Charade is one of the most enjoyable films of the 1960’s. This film has everything. There’s two of the classic eras greatest stars at their best, thrills, romance, twists, deception, interesting and likeable characters, a cracking score and plenty of comedy.
Charade is directed by Stanley Donen, the man who brought us what is possibly the greatest musical, Singin’ In The Rain.)If you only know Donen from that film, then I think you will be in for quite a surprise with this one.
A perfect blend of romance, thrills, suspense and comedy, Charade has some dark moments too(two of the murders are pretty disturbing, despite not being overly graphic)and a suspenseful rooftop fight sequence. It also keeps you guessing until the last few minutes as to the identity/allegiance of two key characters.
Reggie Lambert(Audrey Hepburn)is in the process of divorcing her husband Charles. Reggie is dismayed to learn he has been killed and all their money is gone.
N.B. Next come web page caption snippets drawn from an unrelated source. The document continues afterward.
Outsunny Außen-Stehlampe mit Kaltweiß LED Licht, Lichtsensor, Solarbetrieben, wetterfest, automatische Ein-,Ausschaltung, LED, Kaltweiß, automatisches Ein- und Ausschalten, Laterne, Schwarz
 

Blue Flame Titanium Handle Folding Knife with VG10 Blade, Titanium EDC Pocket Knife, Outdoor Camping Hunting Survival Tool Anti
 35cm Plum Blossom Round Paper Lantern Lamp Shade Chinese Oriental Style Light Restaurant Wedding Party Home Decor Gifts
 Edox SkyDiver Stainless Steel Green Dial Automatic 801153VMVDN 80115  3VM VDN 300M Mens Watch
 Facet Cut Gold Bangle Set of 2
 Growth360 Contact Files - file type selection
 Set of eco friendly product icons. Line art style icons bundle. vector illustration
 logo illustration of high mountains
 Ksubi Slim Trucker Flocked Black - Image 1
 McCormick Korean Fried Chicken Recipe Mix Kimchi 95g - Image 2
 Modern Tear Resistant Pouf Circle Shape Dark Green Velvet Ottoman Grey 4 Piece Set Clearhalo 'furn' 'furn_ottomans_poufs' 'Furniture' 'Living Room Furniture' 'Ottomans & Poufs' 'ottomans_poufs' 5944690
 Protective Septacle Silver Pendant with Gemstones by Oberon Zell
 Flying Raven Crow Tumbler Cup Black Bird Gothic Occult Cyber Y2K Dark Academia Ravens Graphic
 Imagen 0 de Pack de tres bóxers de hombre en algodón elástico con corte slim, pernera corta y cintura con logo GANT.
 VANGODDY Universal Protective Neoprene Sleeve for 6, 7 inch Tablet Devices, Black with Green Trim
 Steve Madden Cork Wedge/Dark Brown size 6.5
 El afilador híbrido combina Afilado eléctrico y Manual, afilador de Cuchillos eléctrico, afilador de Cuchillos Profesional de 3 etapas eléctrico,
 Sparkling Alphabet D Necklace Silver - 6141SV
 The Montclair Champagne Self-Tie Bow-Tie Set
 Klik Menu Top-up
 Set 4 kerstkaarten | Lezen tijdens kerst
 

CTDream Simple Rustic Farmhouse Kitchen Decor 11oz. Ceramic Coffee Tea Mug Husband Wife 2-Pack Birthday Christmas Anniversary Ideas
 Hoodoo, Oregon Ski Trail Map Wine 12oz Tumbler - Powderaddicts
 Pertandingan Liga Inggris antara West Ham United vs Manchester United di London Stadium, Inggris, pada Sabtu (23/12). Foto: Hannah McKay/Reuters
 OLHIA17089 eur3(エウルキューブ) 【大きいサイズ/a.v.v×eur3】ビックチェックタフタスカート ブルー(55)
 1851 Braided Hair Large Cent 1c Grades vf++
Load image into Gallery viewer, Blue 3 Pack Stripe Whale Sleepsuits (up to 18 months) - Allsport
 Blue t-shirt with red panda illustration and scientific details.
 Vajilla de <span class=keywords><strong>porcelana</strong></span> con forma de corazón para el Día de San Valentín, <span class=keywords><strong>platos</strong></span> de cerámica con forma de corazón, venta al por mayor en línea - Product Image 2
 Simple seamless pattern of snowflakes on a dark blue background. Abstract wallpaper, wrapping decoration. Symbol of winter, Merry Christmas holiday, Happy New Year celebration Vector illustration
Five men soon enter her life who all want something that Charles had in his possession when he died. They all claim it is worth a lot of money and it is vital that it is found. Reggie also learns quite a few things about her husband that she had previously not known.
George Kennedy, Ned Glass and James Coburn play Scobie, Tex and Gideion, three former friends of Charles, who are all convinced Reggie has what they are after. Walter Matthau is Bartholomew, an American agent who is also after the mysterious item claiming it is vital that the US government gets it before the other three men(who only want it for the money it will bring.)
Cary Grant is Peter Joshua, a mysterious man of many aliases who appears to be Reggie’s only friend and hope in all of this, but is he who he claims to be? Just who is telling the truth, and can Reggie trust any of them?Peter and Reggie find themselves falling in love which further complicates matters.
I wish Grant and Hepburn had made more films together after this, they make such a terrific screen team. Their romantic scenes are tender, funny and believable, they make you feel for their characters and look like they are having a great deal of fun. They also make their characters quite emotionally vulnerable at times, especially during scenes where their mutual attraction is developing.
This is one of my favourite films and is one I return to quite often. It cheers me up if I’m feeling down. The twists and turns are still effective even though I know what’s coming. There is some great location work too. Does anyone know the location of the ski resort?
My favourite scenes are the following. Peter taking a shower fully dressed, the scene on the boat between Peter and Reggie after she gets suspicious of him, the opening at the ski resort, the orange game at the club, Reggie and Bartholomew discussing her skill as a potential spy, Reggie trying to follow Peter and not get noticed and pretty much every scene featuring Cary and Audrey together.
Grant is at his most suave and funny here, and despite the age gap between him and Audrey you don’t really notice it as you do with Audrey and Gary Cooper(in Love In The Afternoon). Audrey gets a mix of comic and serious moments in this and excels at each, she really makes you feel for her character.
The rest of the cast are all superb, George Kennedy is extremely menacing, Glass is seemingly unthreatening, when his character is anything but, and Coburn is like a deadly snake waiting to strike. We get to see Matthau in a rare serious role and he has a brilliant serious expression during comic scenes.
Henry Mancini’s music is the perfect accompaniment to the action and romance on screen.
I don’t know about anyone else, but I think the park(with the market and Punch and Judy show)looks like the one featured in How To Steal A Million, has anyone noticed the similarity? Does anyone know the real location used?
Any other fans? I’d love to hear your thoughts on this one. If you’ve never seen it, I highly recommend it.